DATA IN THIS EXERCISE ->
▬▬▬▬▬▬
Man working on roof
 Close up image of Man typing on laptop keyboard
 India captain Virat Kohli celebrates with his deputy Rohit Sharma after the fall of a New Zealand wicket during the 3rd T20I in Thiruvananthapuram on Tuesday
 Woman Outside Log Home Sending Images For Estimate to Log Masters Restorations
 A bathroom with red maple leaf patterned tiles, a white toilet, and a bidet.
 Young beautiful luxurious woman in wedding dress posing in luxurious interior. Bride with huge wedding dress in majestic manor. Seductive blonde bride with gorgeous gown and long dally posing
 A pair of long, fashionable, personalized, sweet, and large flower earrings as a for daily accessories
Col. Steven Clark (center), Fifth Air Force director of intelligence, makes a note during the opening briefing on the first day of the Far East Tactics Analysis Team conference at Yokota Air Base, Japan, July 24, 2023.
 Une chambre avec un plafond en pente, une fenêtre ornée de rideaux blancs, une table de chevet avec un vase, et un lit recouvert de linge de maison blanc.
▬▬▬▬▬▬
All lines from the one with "A bathroom with" through the final line above are to be quoted exactly; quote no other line.

 A bathroom with red maple leaf patterned tiles, a white toilet, and a bidet.
 Young beautiful luxurious woman in wedding dress posing in luxurious interior. Bride with huge wedding dress in majestic manor. Seductive blonde bride with gorgeous gown and long dally posing
 A pair of long, fashionable, personalized, sweet, and large flower earrings as a for daily accessories
Col. Steven Clark (center), Fifth Air Force director of intelligence, makes a note during the opening briefing on the first day of the Far East Tactics Analysis Team conference at Yokota Air Base, Japan, July 24, 2023.
 Une chambre avec un plafond en pente, une fenêtre ornée de rideaux blancs, une table de chevet avec un vase, et un lit recouvert de linge de maison blanc.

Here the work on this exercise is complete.